Trade Pact Momentum Builds
U.S. Ambassador Sergio Gor's optimism stems from active engagement between both nations, including recent delegation visits and the current pause on reciprocal tariffs, creating a conducive environment for deal-making. The proposed agreement aims to bolster bilateral trade, which already exceeds $190 billion annually, with a stated goal to more than double it to $500 billion by 2030. Both countries are concentrating on a more comprehensive framework beyond the existing interim agreement, seeking to unlock greater prosperity. India has indicated a willingness to make concessions on agricultural imports and lower tariffs on certain American goods, in return for increased market access for its pharmaceuticals, textiles, and IT services.
Sectoral Impacts and Competitiveness
The finalized trade deal is expected to significantly impact various sectors, with a strong emphasis on boosting India's export-oriented industries. Key beneficiaries include textiles and apparel, machinery, chemicals, plastics, rubber goods, gems and jewelry, and automotive components. The reduction in U.S. tariffs on Indian goods, from potentially high levels down to a reciprocal rate of 18%, is anticipated to enhance price competitiveness and improve revenue visibility for Indian exporters. For instance, the textiles and apparel sector, a major export category, is projected to be one of the largest beneficiaries due to tariff drops on most shipments. Information Technology (IT) services, while not directly tariff-linked, are expected to see a sentimentally positive impact due to improved trade relations and reduced geopolitical overhang.
However, the actual competitive advantage for India may be marginal compared to regional peers. While the U.S. tariff rate on Indian goods will be 18%, other Indo-Pacific exporters like Vietnam face tariffs around 20%, Bangladesh around 19%, and Japan and South Korea closer to 15%. This suggests India's advantage could be a mere two to three percentage points, often offset by structural cost differences and the scale efficiencies of competitors. In sectors like apparel, where operating margins are typically thin, this differential might not translate into sustained competitiveness against countries like Bangladesh or Vietnam.

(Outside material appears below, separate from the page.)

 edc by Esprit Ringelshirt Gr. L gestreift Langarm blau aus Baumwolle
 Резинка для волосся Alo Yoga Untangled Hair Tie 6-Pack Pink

Navigating Policy Volatility and Agricultural Concerns
Despite the optimistic outlook, the durability of the trade agreement's benefits remains a concern, given the U.S. administration's track record of policy reversals. Supply chain professionals are advised to stress-test assumptions around tariff permanence and prepare contingency plans. A significant point of contention lies in the agricultural sector. While India has stated that sensitive agricultural and dairy sectors are protected, there are concerns that opening up to U.S. agricultural imports, potentially including genetically modified (GM) products, could negatively impact millions of smallholder farmers in India. The agreement's impact on India's agricultural and dairy sectors, which support a substantial portion of the workforce, warrants careful monitoring due to potential downward pressure on domestic prices. Furthermore, while the deal aims to strengthen supply chains, potential increases in trade volumes could strain logistics and create congestion at export hubs.
Future Outlook
The U.S. and India have set an ambitious goal of achieving $500 billion in bilateral trade by 2030. The current trade agreement is viewed as a medium-term structural positive, with sustained execution being key to enhancing India's export competitiveness and global integration. KPMG in India and AMCHAM project that U.S.-India trade is entering a high-growth phase, driven by stronger supply chains, technology collaboration, and deeper integration across manufacturing and services. Semiconductors, defense, and clean energy are identified as key drivers for future growth, with a focus on manufacturing integration, technology assurance, and energy security.